START Given records

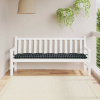 vidaXL fekete kockás szövet padpárna 180 x 50 x 7 cm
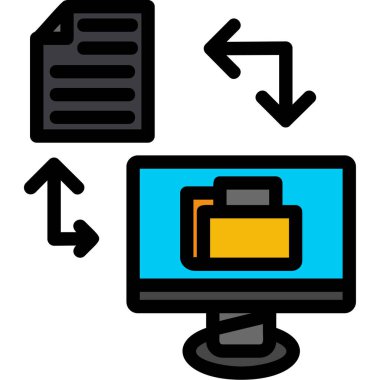 Veri Merkezi simgesini, vektör çizim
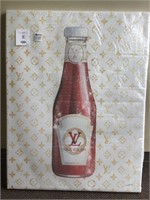 Louis Vuitton canvas ketchup art
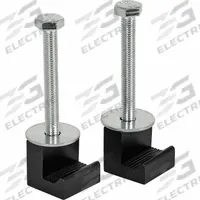 BUYERS PRODUCTS Mounting Kit: Mounting Bracket, Truck Boxes, Aluminum, Silver, 2 PK (MPN 1701052). Key specifications — Type: Mounting Bracket; Compatible with Product Type: Truck Boxes; Includes: (2) Aluminum J-Hook Blocks; Material: Aluminum; Color: Silver; Brand: BUYERS PRODUCTS.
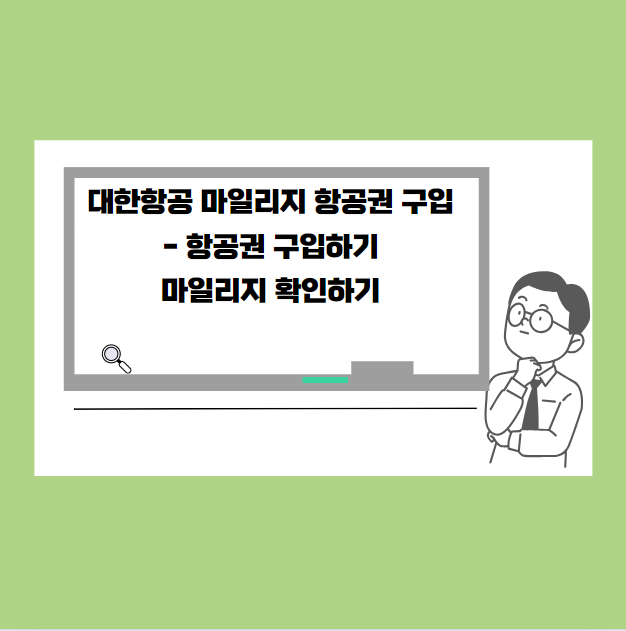 대한항공 마일리지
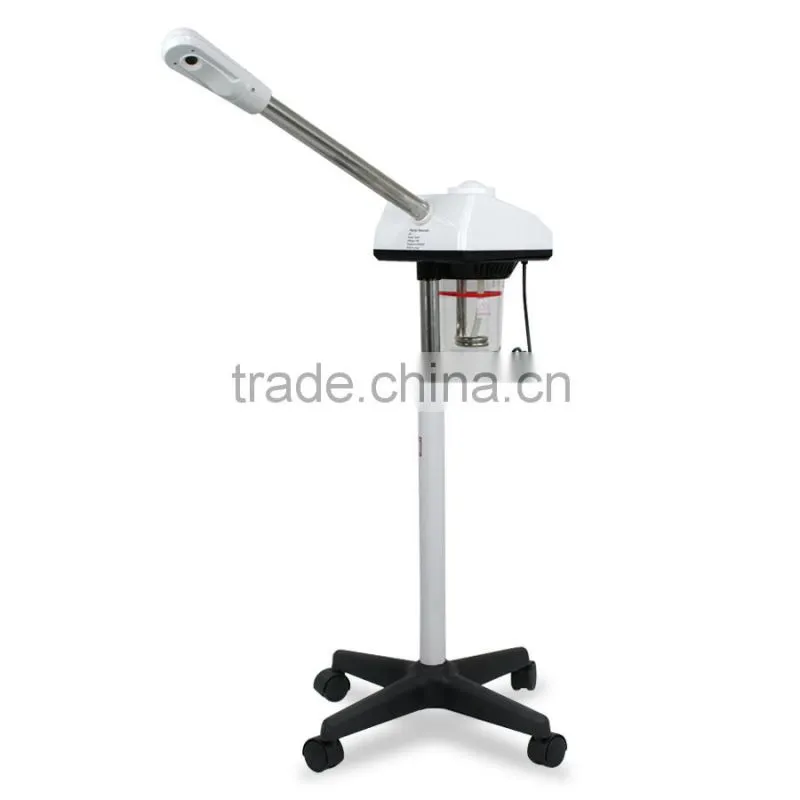 2 IN 1 Desktop LED Magnifier Lamp FACIAL FACE OZONE Hot Spray STEAMER Salon SPA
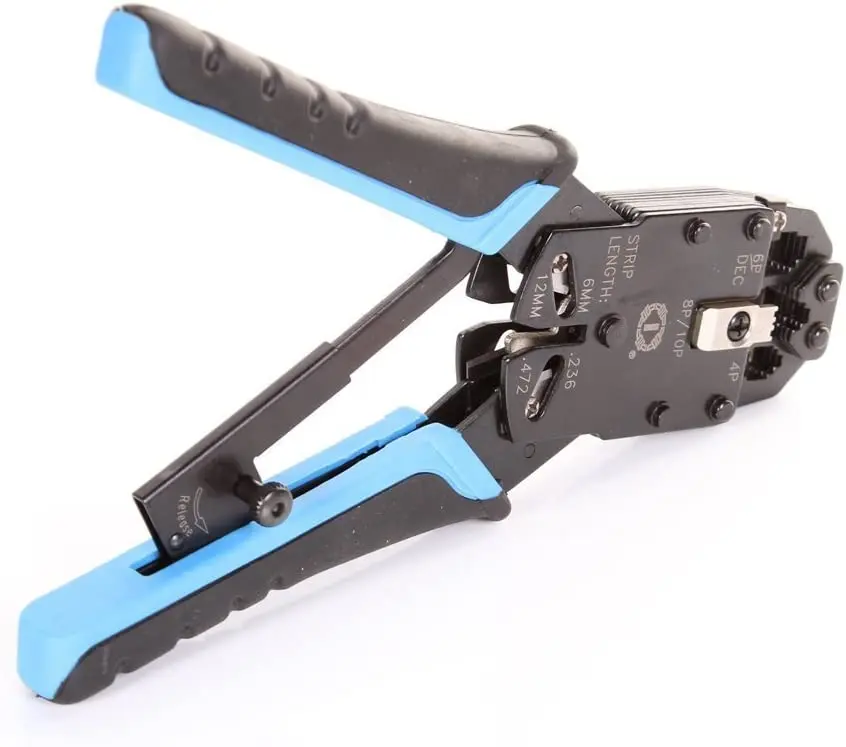 de rede ZoeRax, Alicerça do crimper, Conector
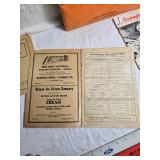 Assorted Vintage Ephemera Including Manuals and Maps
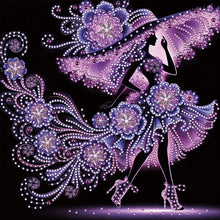 Load image into Gallery viewer, 4pcs Partial Special Diamond Painting Set - Elegant Lady (30*30CM)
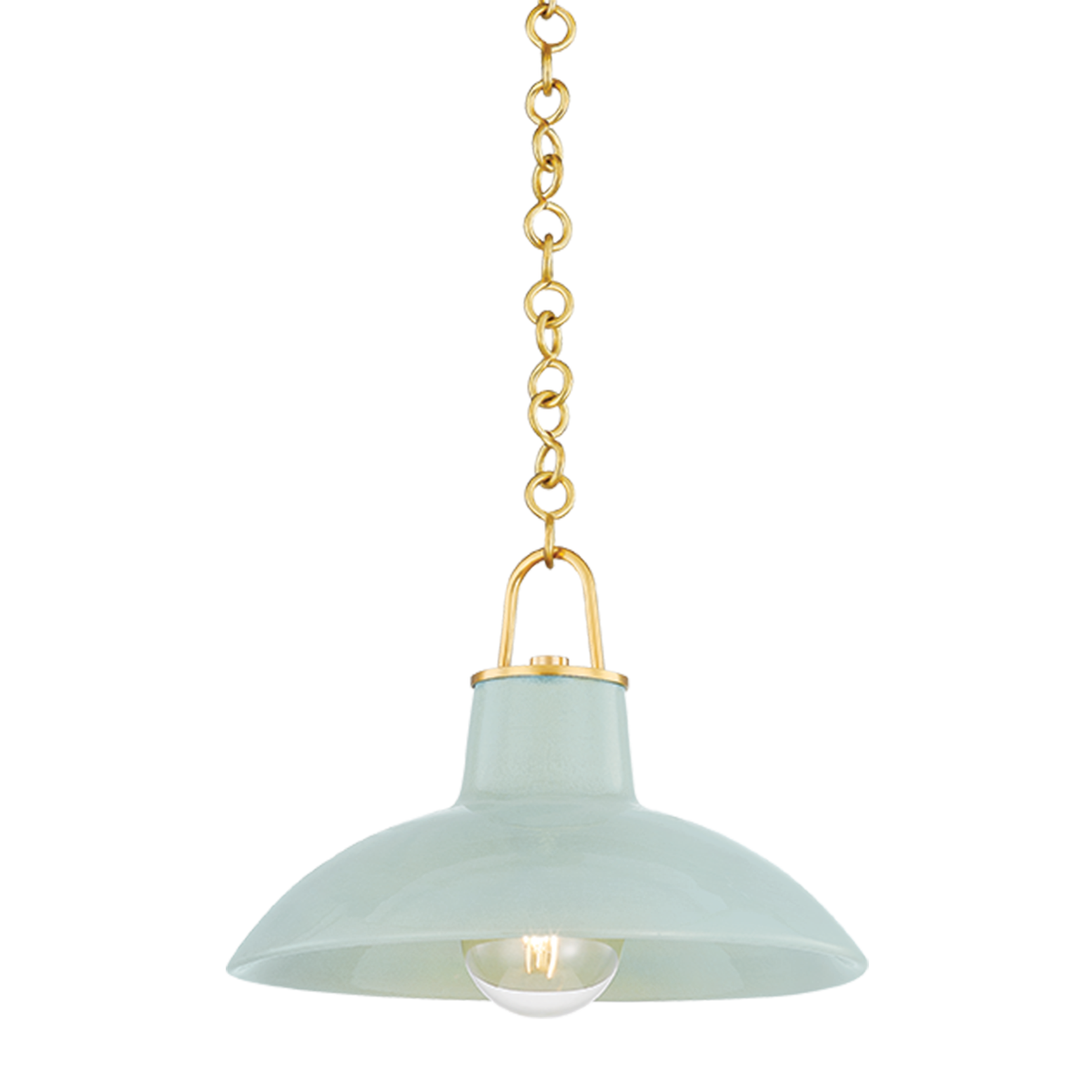 Hudson Valley Pottersville 12.5" Pendant Aged Brass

END Given records

### [The problem]
Restate, word for word, each line from the line containing "de rede ZoeRax, Alicerça" through the end of the entries above; the pictures are not part of the copy.

### [Result of the task]
 de rede ZoeRax, Alicerça do crimper, Conector
 Assorted Vintage Ephemera Including Manuals and Maps
 Load image into Gallery viewer, 4pcs Partial Special Diamond Painting Set - Elegant Lady (30*30CM)
 Hudson Valley Pottersville 12.5" Pendant Aged Brass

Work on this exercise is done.